START DATASET EXCERPTS

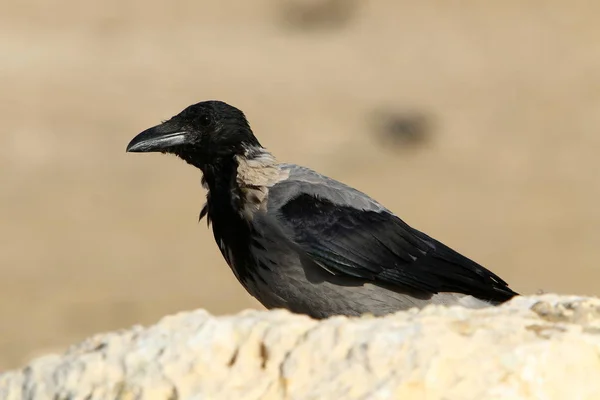 Crow Hledá Jídlo Pláži Březích Středozemního Moře Severním Izraeli — Stock fotografie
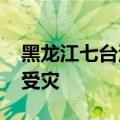黑龙江七台河市强降雨致6000余公顷农作物受灾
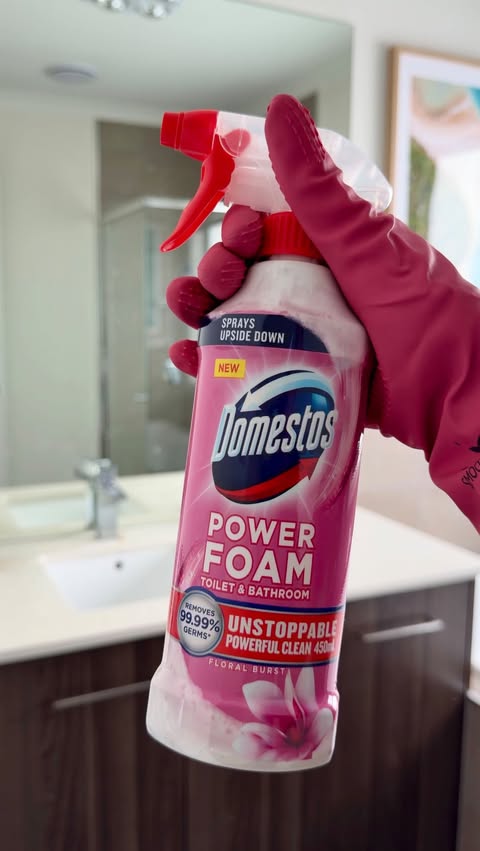 Instagram post by @my_friend_jackies_house for Domestos. Caption reads: [...] so I stopped. Now it’s just this - Domestos....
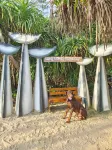 Sandy Shores Beachstay - Homestays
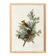 Poster about the Cedar Waxwing, after an old engraving from 1827.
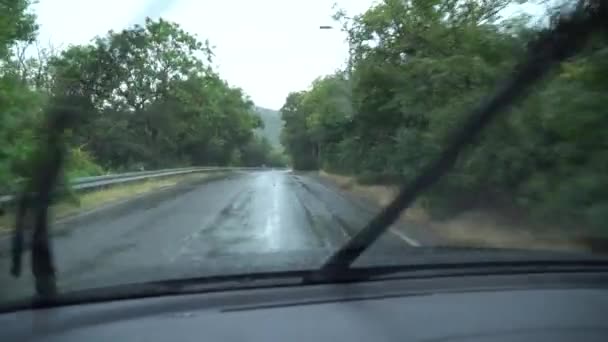 在雨中开车在湿滑的路面上 多雨的天气 透过车窗 — 图库视频影像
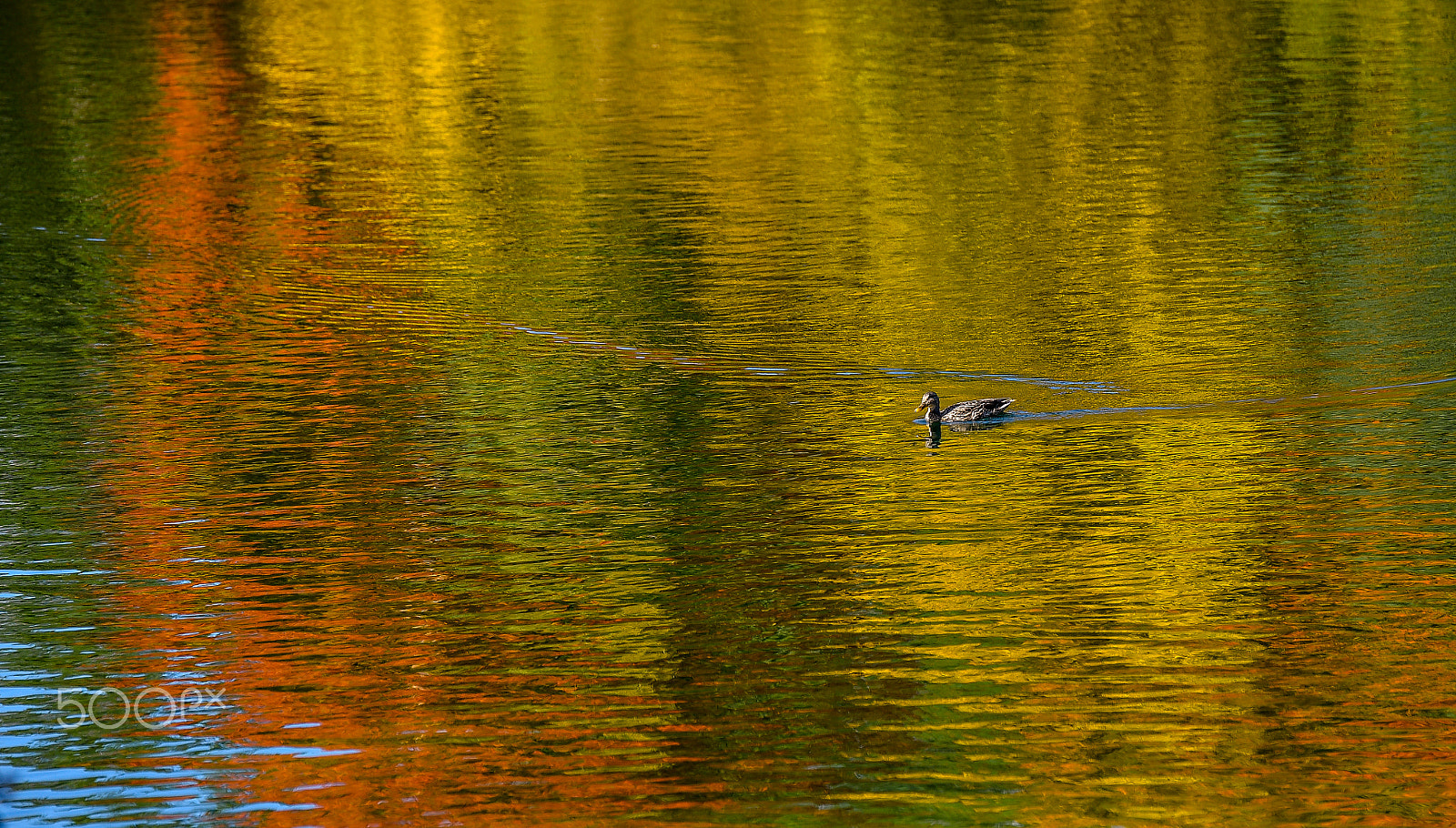 Tamron SP 70-200mm F2.8 Di VC USD sample photo. Autumn in lithuania photography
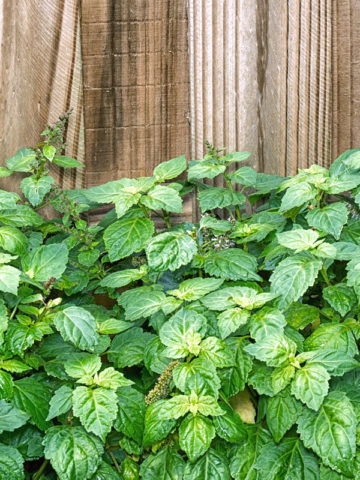 Alternative view of Aromatic Patchouli Bush (pogostemon cablin)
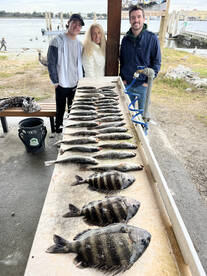 Jacksonville Report Photo 1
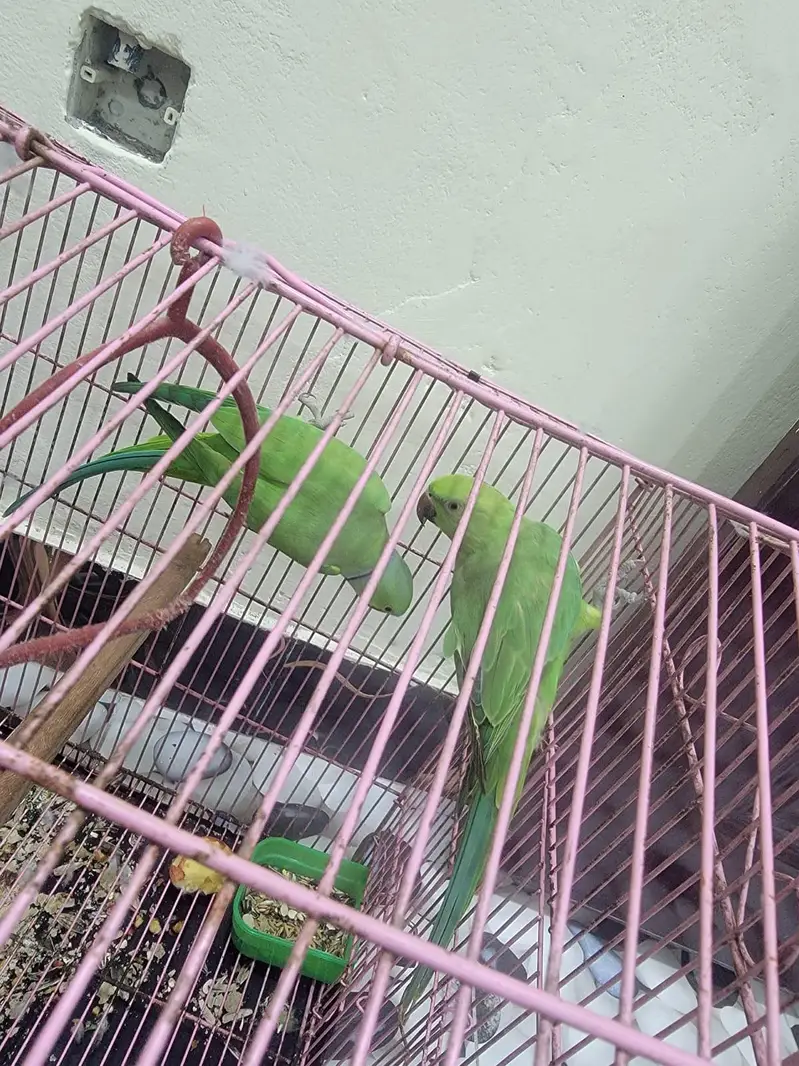 Green Raw Parrots — photo 3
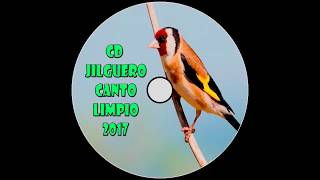 CD Jilguero Cante Limpio 2017 / Carduelis Carduelis 2017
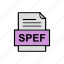 document, file, format, spef 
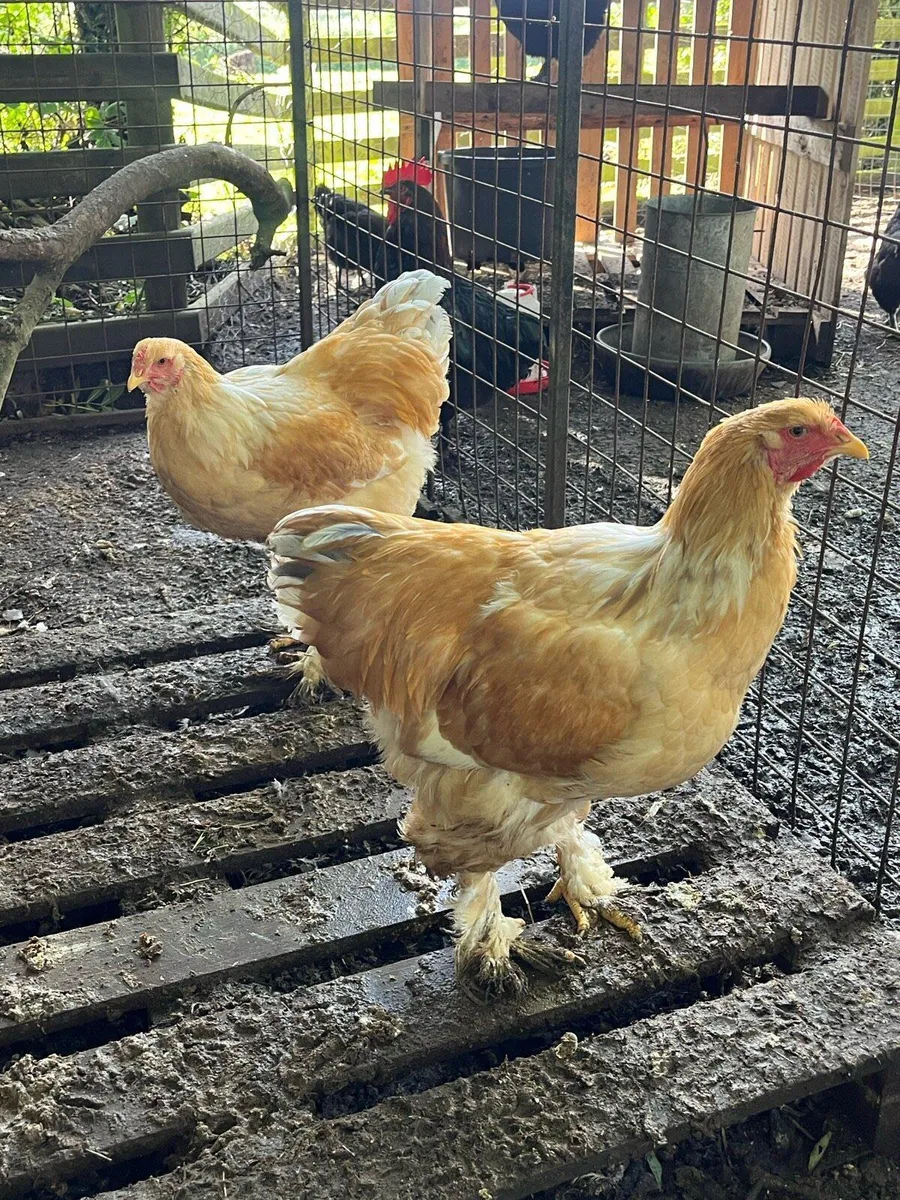 Pure bred roosters - Image 1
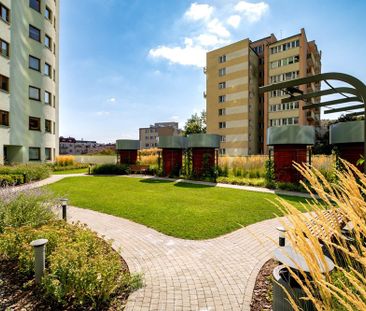 Świetna lokalizacja, ogrzewany ogród zimowy - Photo 1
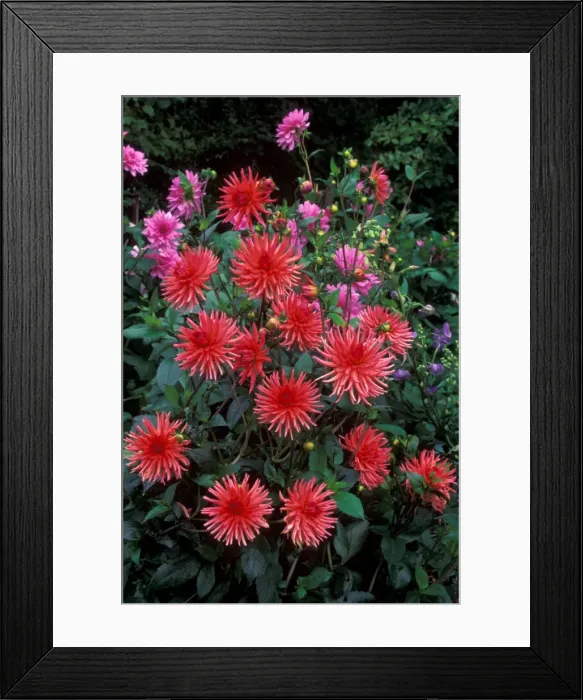 Framed Print : Dahlia - Pontiac - Victorian walled Kitchen garden at West Dean Gardens, West Sussex. UK. September Framed Print : Dahlia - Pontiac - Victorian walled Kitchen garden at West Dean Gardens, West Sussex. UK. September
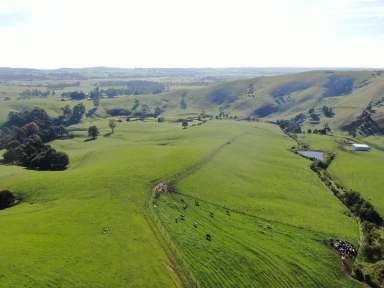 Farm For Sale - VIC - Krowera - 3945 - Classic Kernot Lifestyle/Grazing - 146 Acres  (Image 2)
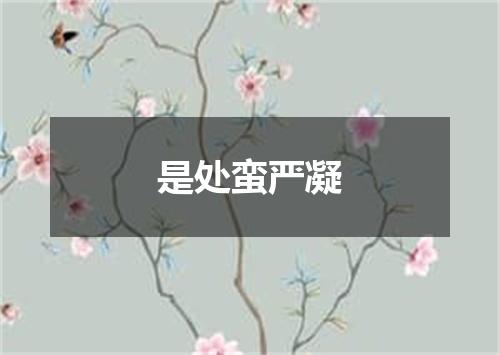 是处蛮严凝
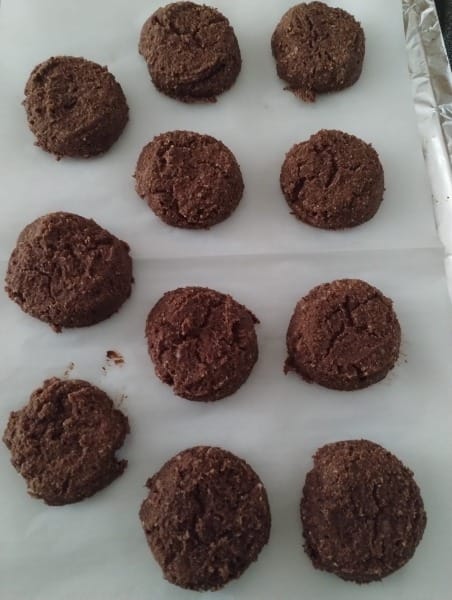 Chocolate Tahini Coconut–Banana Toaster Cookies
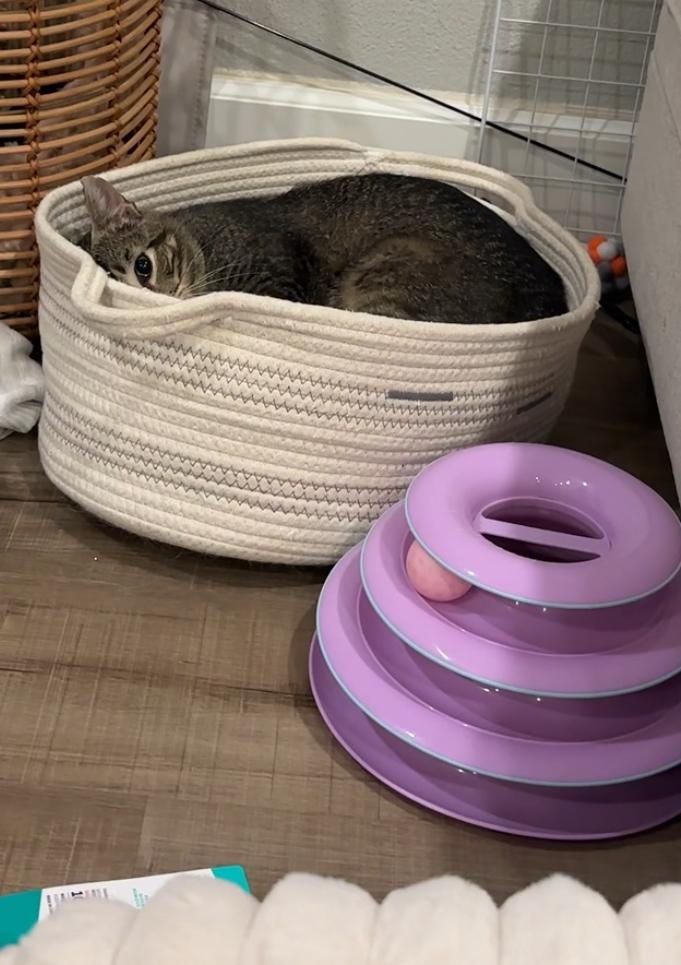 Pudge, a Adoptable mixed breed in Everett, WA image 3/6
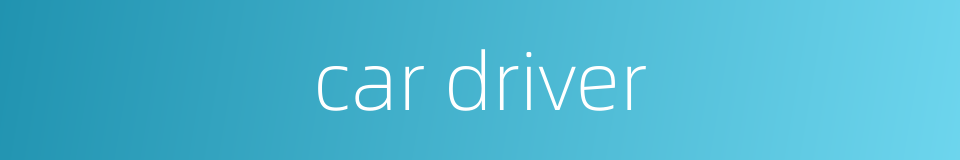 car driver的同义词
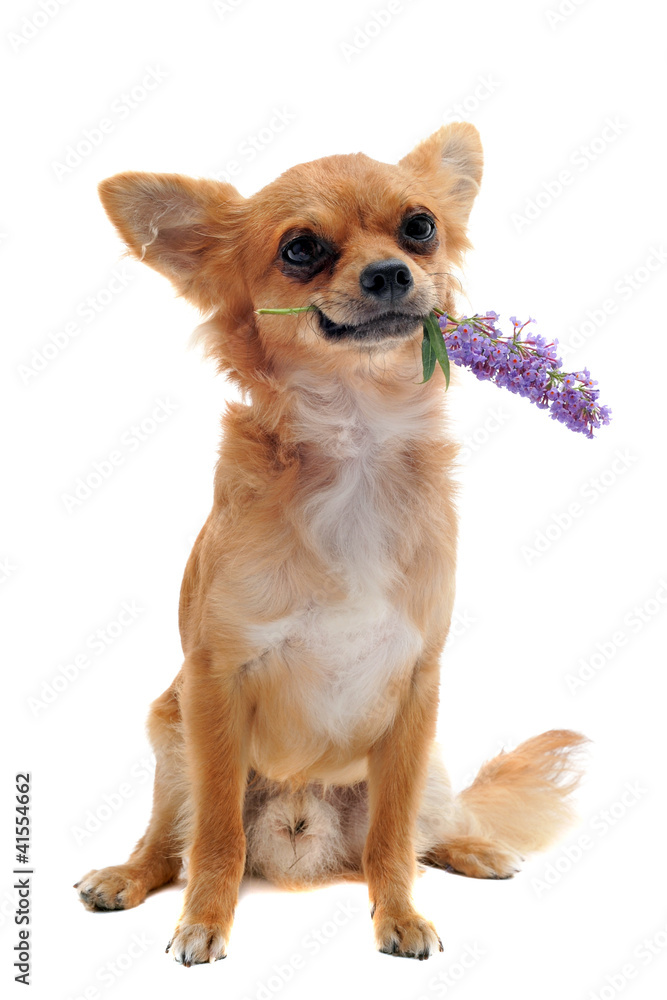 chihuahua and flower chihuahua and flower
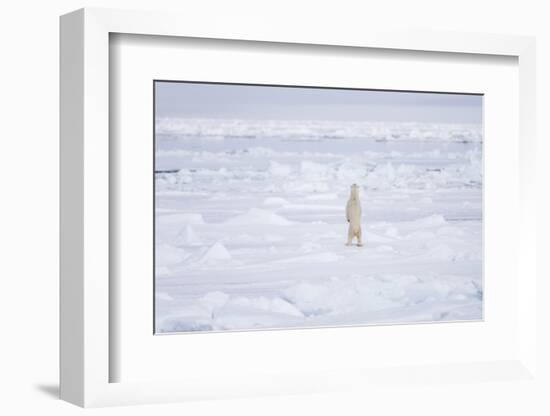 Norway, Svalbard, Pack Ice, Polar Bear Standing-Ellen Goff-Framed Photographic Print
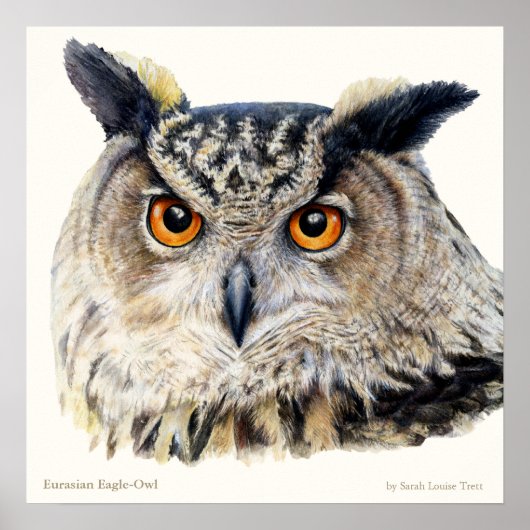 Euraziatische Eagle Owl Ornithologisch fijn poster (Voorkant)
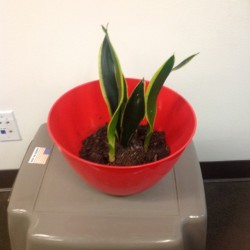 Writers’ room plant check. Lamont lives!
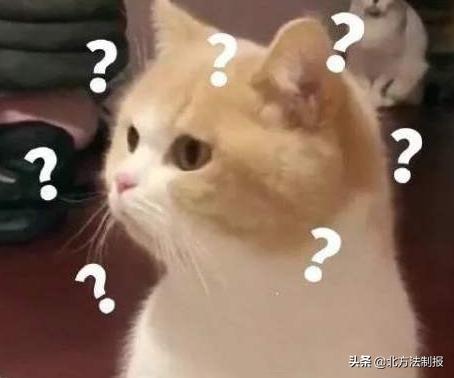 花8万住月子中心,宝宝在月子中心得了肺炎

END DATASET EXCERPTS

ABOUT THIS EXERCISE = Leave out every picture, and repeat word for word only the lines from the one holding "Writers’ room plant check. Lamont lives!" through the end of the entries above, both ends included.

RESULT OF THE EXERCISE =
 Writers’ room plant check. Lamont lives!
 花8万住月子中心,宝宝在月子中心得了肺炎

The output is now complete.